The road narrowed, eventually forcing the bus to stop. My fellow passengers and I disembarked on a lane that was now completely blocked by our behemoth bus. No matter, it seemed. By this time there were no other vehicles, not even a cart.
We walked the length of a long, tall wall, homing in on the sounds of children singing and clapping. We bent forward as we entered a campus through an open metal gate. Little girls decorated us with necklaces of marigolds and blessed us with red thumbprints of vermilion on our foreheads. Once adorned, we joined in a dance with the children.
Our laughing and smiling international band gathered with local humanitarian workers, teachers, and two teen-age boys under a thatched-roof pavilion. A woman introduced the young men. “This is Huro, and this is Shivji,” she said. “They lived here at the ashram for six months when they were younger …”
Their harrowing experience began when six-year-old cousins Huro and Shivji were playing by a stream and a car pulled up beside them. A man got out and offered them candy, a rare treat for boys who lived in a desperately poor rural village. Huro and Shivji accepted the sweets and the man’s invitation for more. Deceived and whisked into the back of the car, the young boys were forced into the world of slavery.
Hundreds of miles from home Huro and Shivji were separated. Each was locked in a dark room with a carpet loom.
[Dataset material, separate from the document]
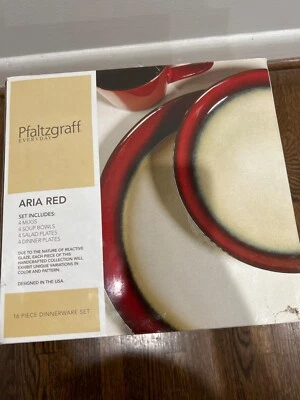Pfaltzgraff Aria Red 16-Piece Stoneware Dinnerware Set, Service for 4 Black - Image 1 of 3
Abused, given only a tiny amount of beans and rice, and provided with a tin cup for a toilet, each boy wove carpets for eighteen hours a day, never leaving his room.
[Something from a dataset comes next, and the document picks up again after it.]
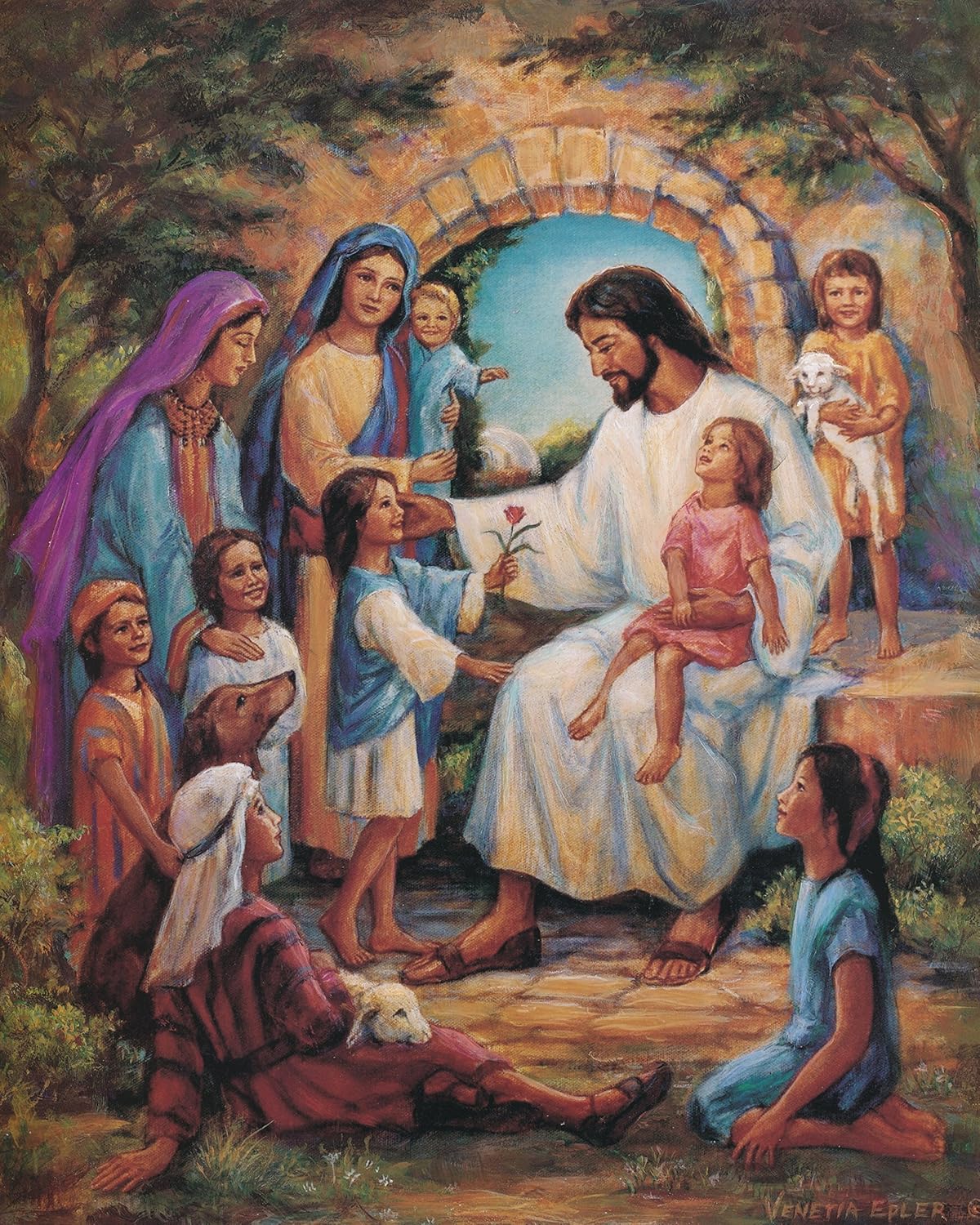 Religious Art Print - Jesus Loves All The Little Children 16x20 Unframed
From a village without modern communication, the uneducated, poverty-stricken parents were nearly helpless to find their sons. Without money, a car, or other resources they had no way to search for or publicize the loss of the boys. They were unable to fight corrupt officials who—in return for money—turned a blind eye to children’s slave labor.
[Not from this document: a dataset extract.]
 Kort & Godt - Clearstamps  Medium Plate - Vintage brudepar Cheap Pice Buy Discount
Never giving up hope, the parents appealed for help from local representatives of an international organization that rescued children in captivity. Five years later, humanitarian workers rescued Huro and Shivji, reunited them with their parents, and then brought them to the ashram to heal.
My half-listening was over. I scrawled notes in a tablet at a furious pace. My attention was now captive, my focus centered, every ounce of my brain’s capacity fully tuned to the boys’ story. I scribbled down the stages of recovery and the process of aiding a former child slave relearning to play and live in freedom. I scratched out notes about the significance of reading and writing—a marvelous game learned by children at the ashram and passed along to other children when they returned home—skills that help inoculate families against further enslavement. I observed Huro’s deep-set eyes and dark expressions—he was now a young man studying to become a teacher.
A layer of dust and sweat from my hands coated my pen and camera. As the sun began to set, I slung my camera over my shoulder and strolled away from the group. I gazed at my surroundings. Boys played on monkey bars in front of a dormitory. Palms thrived around a low, concrete structure that held latrines. Huro and Shivji continued talking to members of our team under the thatched-roof gazebo. Away from the others, I allowed the scenery to absorb my thoughts … until something in the corner of my eye caught my attention. Young girls in matching red-and-white-checked outfits, under the watchful eye of a motherly figure, stood in rows and watched my every movement.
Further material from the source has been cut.